Twitter, a value in itself
To understand this debate about the right price of Twitter, we need to consider the ins and outs of the company. “Twitter has always had a complicated history in the stock market. It’s a unique company, even among social networks, that has never turned a profit” recalls La Tribune Jacques-Aurélien Marcireau, co-director of equity management at Edmond de Rothschild Asset Management.
Due to the special position of the social network in society, the analyst believes that the bonus offered by Musk “nothing pharaonic“and believes that convincing investors will not be enough.”In addition, we note that the stock was in the red at the time the offer was published [en repli de -1,68% à la clôture de Wall Street, ndlr]. That means people don’t believe in the offer, or at least don’t believe that all shareholders will give in“, he is arguing.
A “white knight” in the second curtain?
Regardless of the outcome of the takeover bid, the current Twitter board will be weakened. The billionaire stated that his offer is final and he will reconsider his place as a shareholder of the company if his maneuver fails. “As a result, Elon Musk is threatening to sell his 9.2% stake, which would crash the stock‘ emphasizes Jacques-Aurélien Marcireau.
At that point, another buyer could take on the role of the “white knight” and come up with a more attractive counter-offer. “But there aren’t many logical buyers: You need a big tech player that’s imposing but not big enough to trigger antitrust law‘ the analyst notes. In other words, the acquisition of Twitter is unthinkable for Gafam (Google, Apple, Facebook, Amazon, Microsoft), but it can be considered a customer management software champion by second-line players. Salesforce, who had already tried their luck in 2019. But this white knight has yet to find an economic interest in what is now in question.
For billionaire investor Mark Cuban, that outcome would be inevitable sooner or later anyway. “Without a dominant shareholder on its board and without major shareholder activists, Twitter’s days as an independent company are likely to be numbered unless the company grows quickly.‘ he diagnoses in Bloomberg.

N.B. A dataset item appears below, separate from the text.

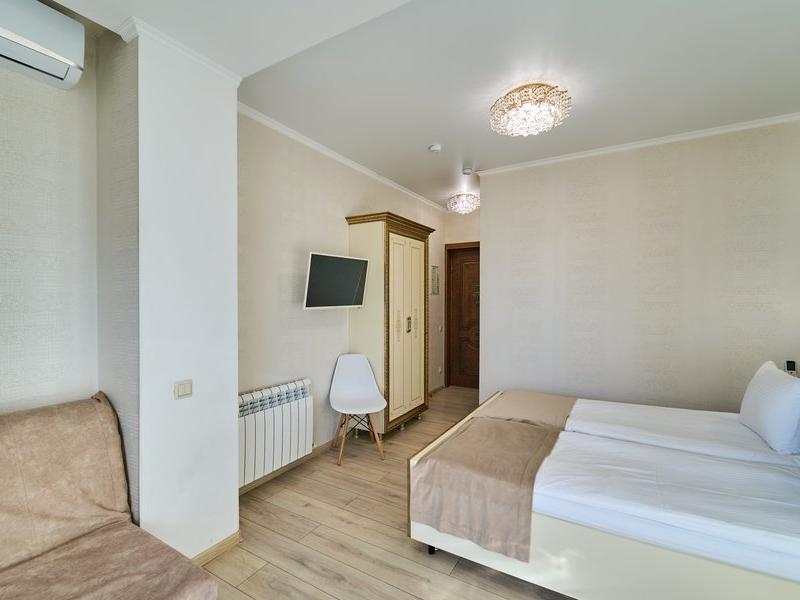 Амбассадор (ул.Кубанская)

The Regulator, guest of the Twitter/Musk soap opera sequel?
Another actor could invite himself into this soap opera: the Securities and Exchange Commission (SEC), the American financial policeman. Earlier this week, Twitter shareholders sued Musk for failing to meet its obligations when entering the capital. But the agency has enough to open an important file against Elon Musk.

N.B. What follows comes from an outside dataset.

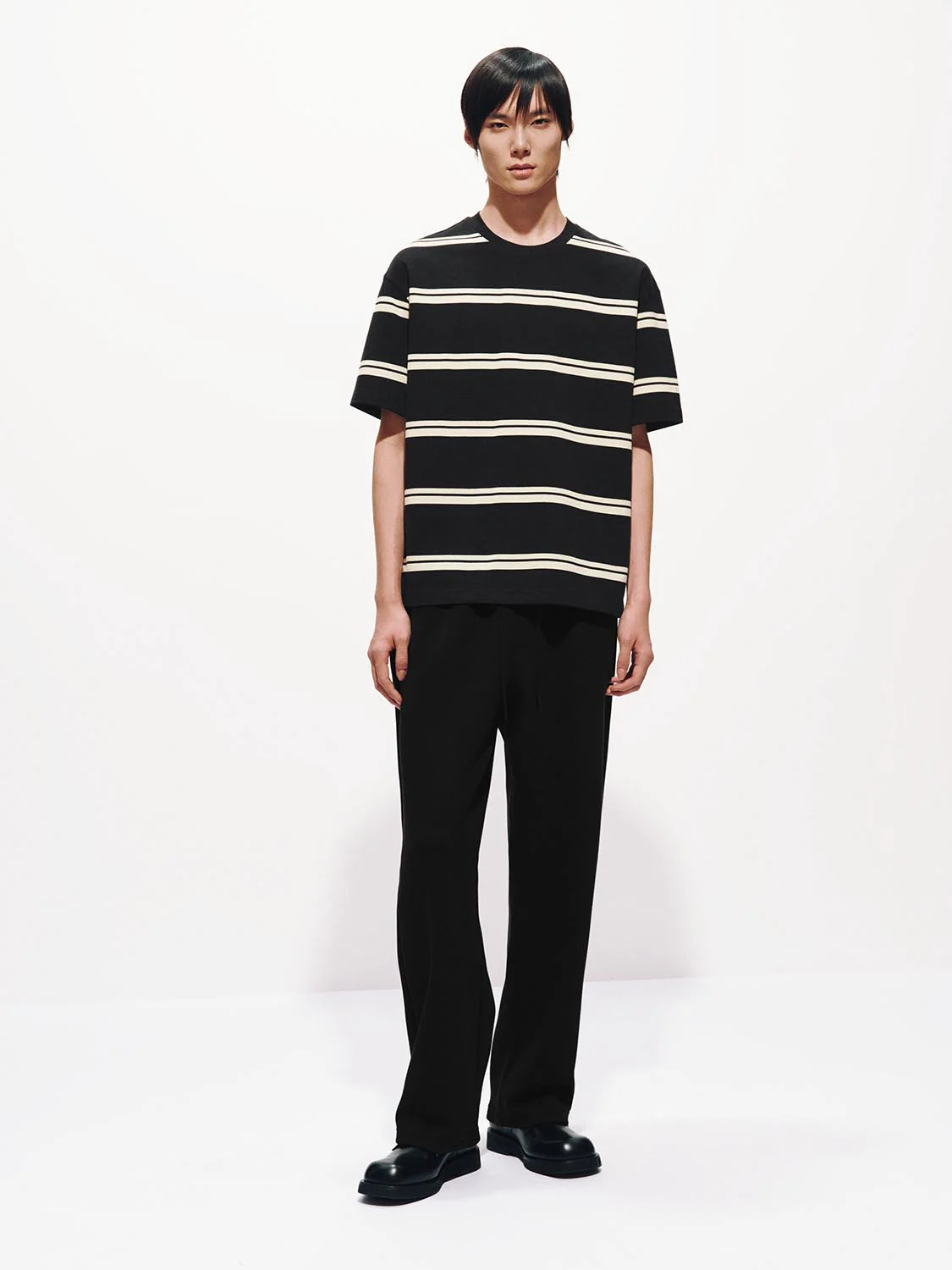 Crew Neck Contrast Striped T-Shirts - Image 10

“On the stock exchange, if you exceed the 5% threshold of shares, you are forced to declare your intentions. Either we present ourselves as a passive shareholder, content to vote and receive the dividends, or an active shareholder, seated or even going through with a hostile takeover bid“, develops Jacques-Aurélien Marcireau.
Before the exclamation:notIt took Elon Musk a long time to report to regulators, but when he finally did, he presented himself as a passive investor! It shows total disregard for regulators. The SEC cannot stand by or it will set a dangerous precedent“.